I think that Kevin Reagan’s stark manner of teaching punctuality is important to reflect on. In professional settings, being late is a matter of wasted budget, and in your personal life constant tardiness tells your friends that they are second to something else. The long and short of it is that you don’t like your time to be wasted so you shouldn’t waste other peoples’ time either.
The essence of punctuality is acting as if your time belongs to other people rather than it being “me time.” Basically, ensuring that you will be on time for others is making the decision to put your personal desires second. Punctuality is outward-facing, selfless, and therefore a naturally conservative value. The opposite is what you find promoted in leftwing magazines. There are an infinite variety of self-help articles from that side on how to “take some time to focus on me.” In reality that never helps. The right question is, how can I be of service to others? It’s a quintessentially conservative thing to care about, and punctuality is a simple way of showing that whatever you can or can’t do for someone else, at least you won’t waste their time.

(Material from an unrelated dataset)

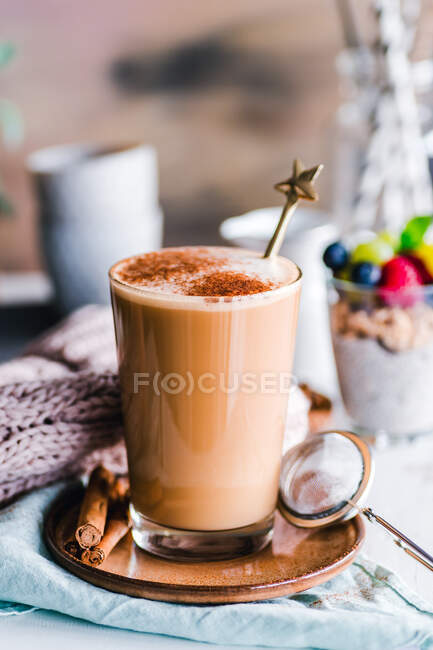 Cinnamon latte drink and chia pudding — Stock Photo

1. Plan ahead - know where you need to be and what you need to have prepared. When my wife and I are planning to go on a trip, a sure fire way to start a small argument is to leave our packing until the last minute. Scrambling may feel fast but it is actually very slow and sloppy. Then there is always the inevitable thing we forgot that we need to turn around to retrieve. Then we’re late. So get your stuff packed ahead of time. Decide your day’s outfit, pack your bags, and load up your car prior to going to bed the night before. Another problem is not to know how you’re getting where you need to go. I hate relying on Google Maps - I want to see the map and have it in my head so that I’m my own commander. If I get onto a wrong turn, I want to know how to get back on my own. When you do these kinds of things you can make timeliness your superpower.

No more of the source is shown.